Voicing concern against violence
SOUVIK CHOWDHURYSOUVIK CHOWDHURY
Successful businesswoman and social activist Anu Aga spoke of her visits to rehabilitation camps in Gujarat housing the riot-hit victims of communal clashes and of the Government apathy towards the victims.
HARD TALK : Anu Aga addresses the gathering.
A COMMITTED industrialist, a believer in a pluralistic society, a vocal social scientist, a concerned environmentalist and a champion of secularism, 59-year-old Anu Aga's slight frame belies her resolute and never-say-die spirit. Highly successful in her corporate career, the bespectacled Thermax Group Chairperson Aga joined the 520 crore Pune-based company as a human resource manager in 1985 and then deservingly rose to the coveted position by sheer grit and hard work.
Her protests against "insufficient" State Government measures in Gujarat to rehabilitate victims of the post-Godhra communal clashes invited media attention, as she was the first person from the corporate sector to visit Gujarat and voice concern at the raging violence.
Sharing her views on communal harmony after having visited minority rehabilitation centres in Gujarat, Aga gave a first-hand account, "Out of several camps that I visited, the Shah-e-Alam camp had 1,950 families living in the open with practically no shelter, except a few bamboo poles with torn clothes hanging over them. Almost all the relief camps I visited bore ample testimony to the Government's apathy."
"I was pained at the injustice meted out, or rather complete callousness showed by the Government and fellow Indians. When the Gujarat earthquake, a natural calamity could garner so much in terms of mobilising funds and support, how could they just turn a blind eye to the riot-hit victims - a disaster that could very well have been avoided?" she asks.

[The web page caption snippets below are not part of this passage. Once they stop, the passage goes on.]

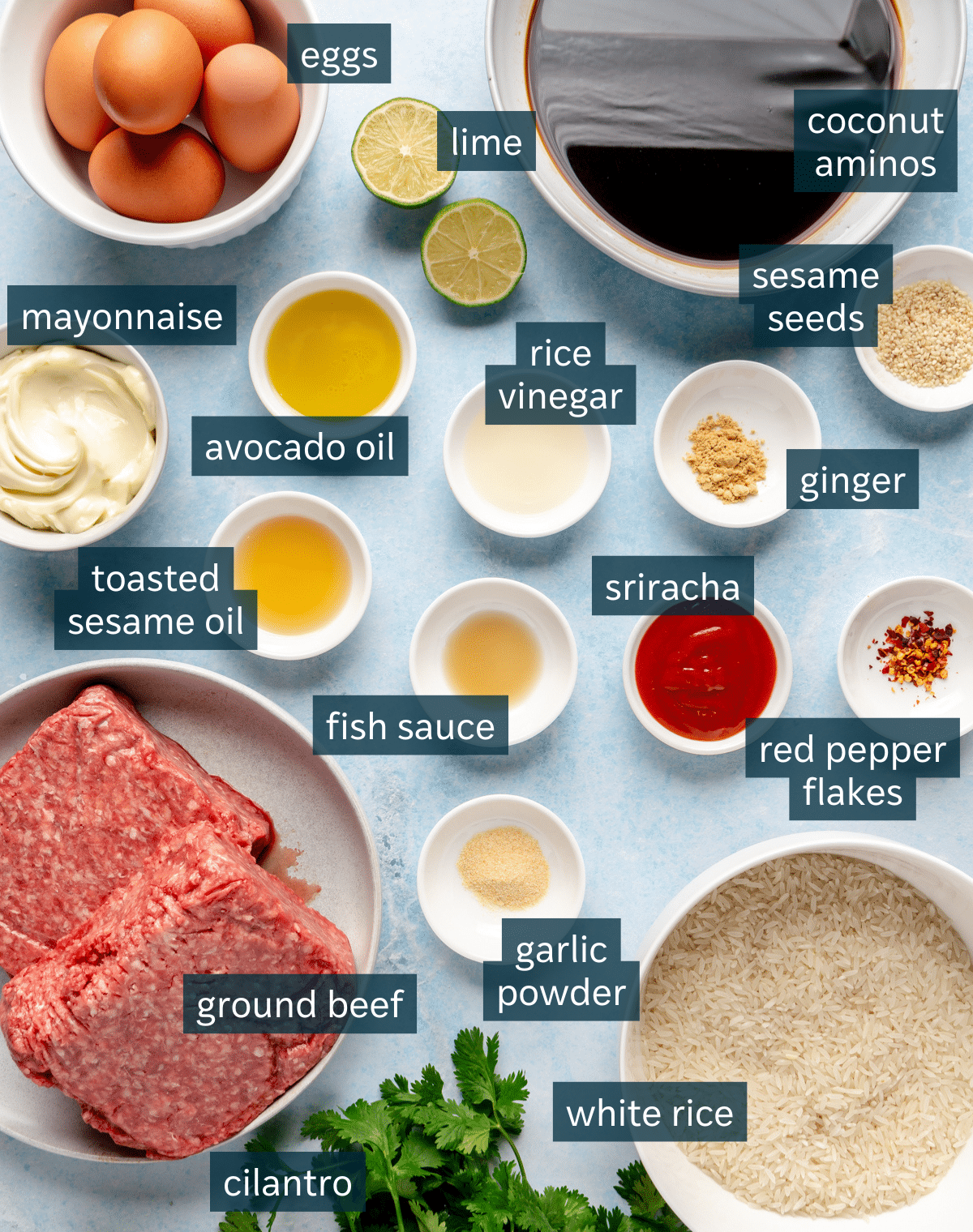 All of the ingredients needed for Korean-inspired ground beef bowls.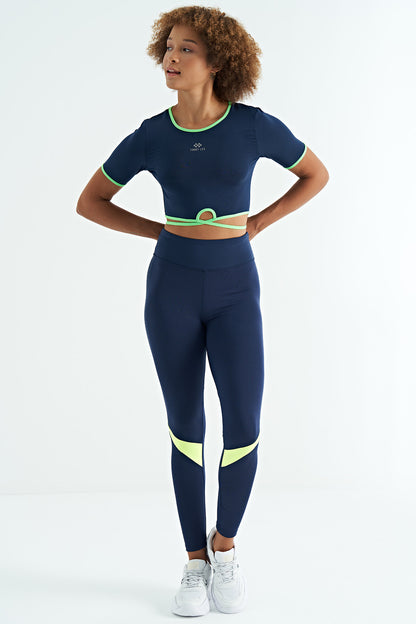 Indigo Tie-Waist Detailed O Neck Standard Fit Diver Fabric Women's Crop T-Shirt - 97266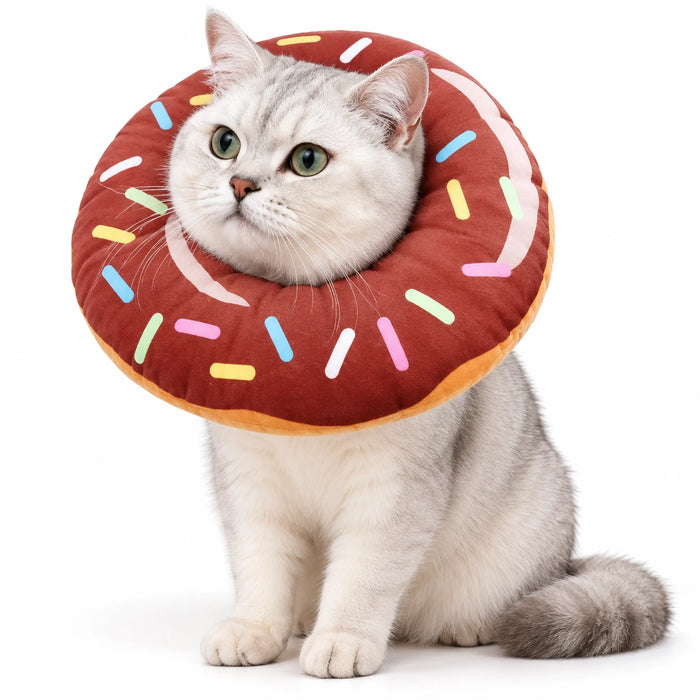 Chat gris clair portant une collerette donut au glaçage rouge et vermicelles colorés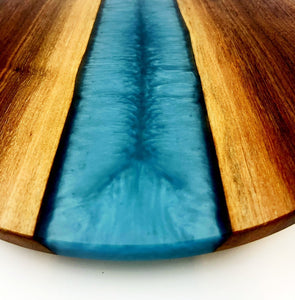 Walnut Epoxy Resin River Lazy Susan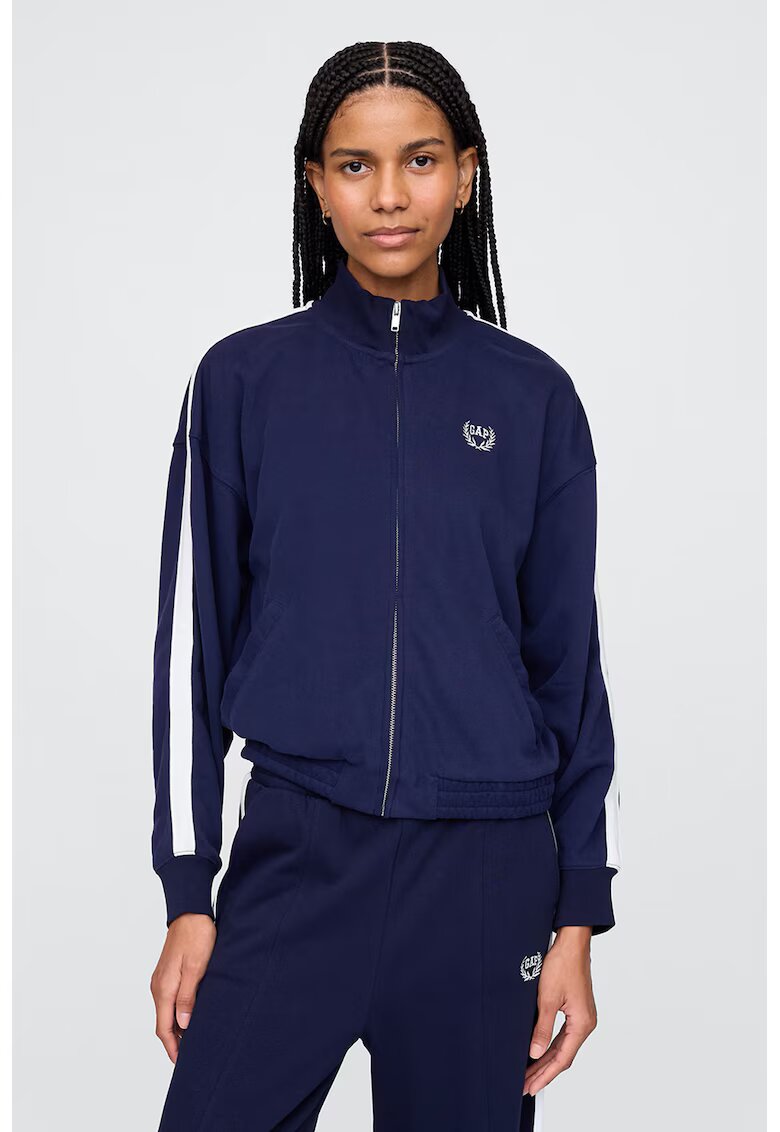 GAP Bluza de trening cu logo si fermoar - Alb/Albastru ultramarin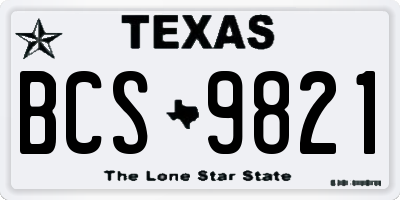 TX license plate BCS9821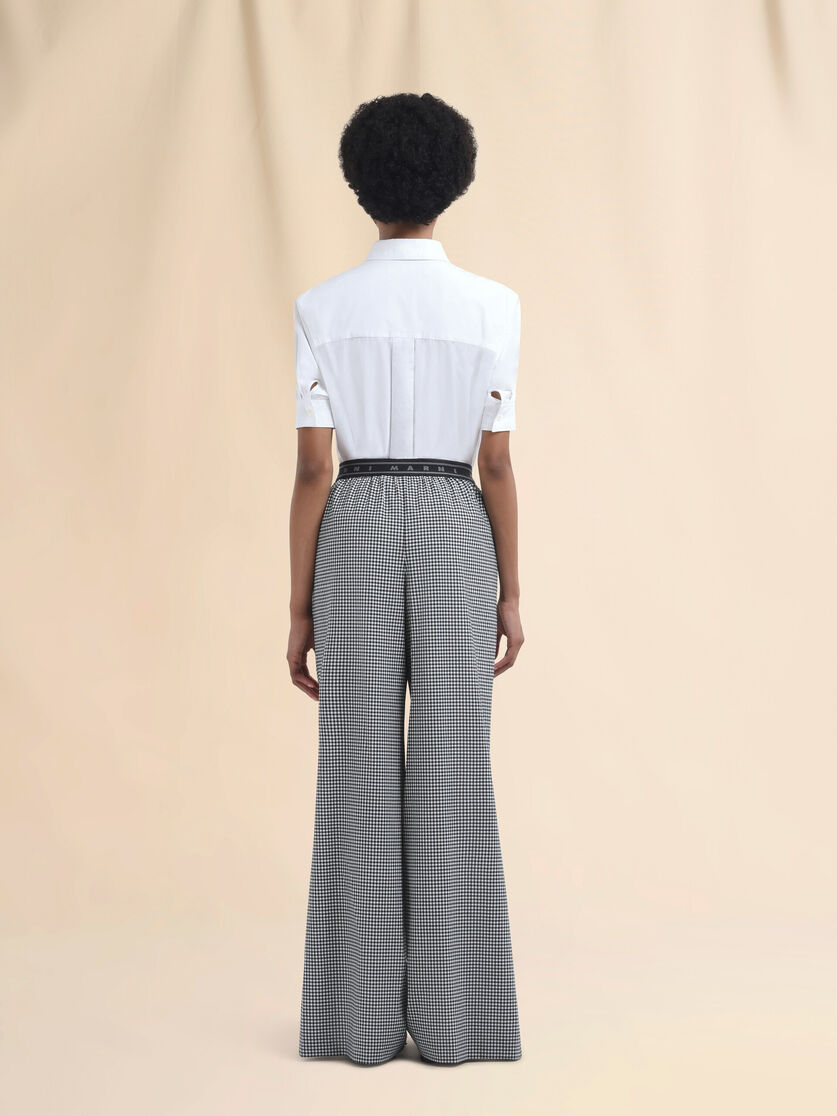 Wool blend black and white check palazzo trousers - Pants - Image 3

"If the reason for this is because the victims belong to a minority, then I will say the time-honoured Indian value system is a miserable failure," she says.
Aga spoke at a function organised by the Coalition for Peace and Harmony at the Administrative Staff College of India (ASCI) auditorium here recently.
"If there was governance, would the violence have continued for two months? While the official toll of the number of Muslims killed is 900, the unofficial death toll stands at 3,000 as against the 60 Hindus having lost their lives. The figures are self-explanatory," the social activist pointed out.
"I am not debating on the number of persons killed from the two faiths, the talking point is how educated people could fall prey to narrow communal feelings and either perpetrate or condone violence that resulted in the loss of over a thousand lives. Is it not a degradation of our basic humanness?" she asked.
She warns that as a fallout of the Government's "lackadaisical attitude" towards minority victims, mistrust and hatred may brew all the more and "a second Godhra" may not be very far away.
"The authorities should rectify their mistakes when there is time at hand," she suggests.
Condemning fundamentalism in every religion, she took a dig at the business world too. "To me, Godhra or the subsequent events are not a spontaneous one-time occurrence. It is a symptom of a society that is callous, indifferent, and is only concerned about individual selfishness, amassing wealth and acquiring positions."
Business today represents a powerful force as it has the best human talent, leadership skills, technical know-how and large capital at its command. It can be the most potent agent of social change provided we businessmen, choose to define human well being as the `business' of Business.
Only then would the purpose of business be served," said the successful businesswoman wrapping up the talk.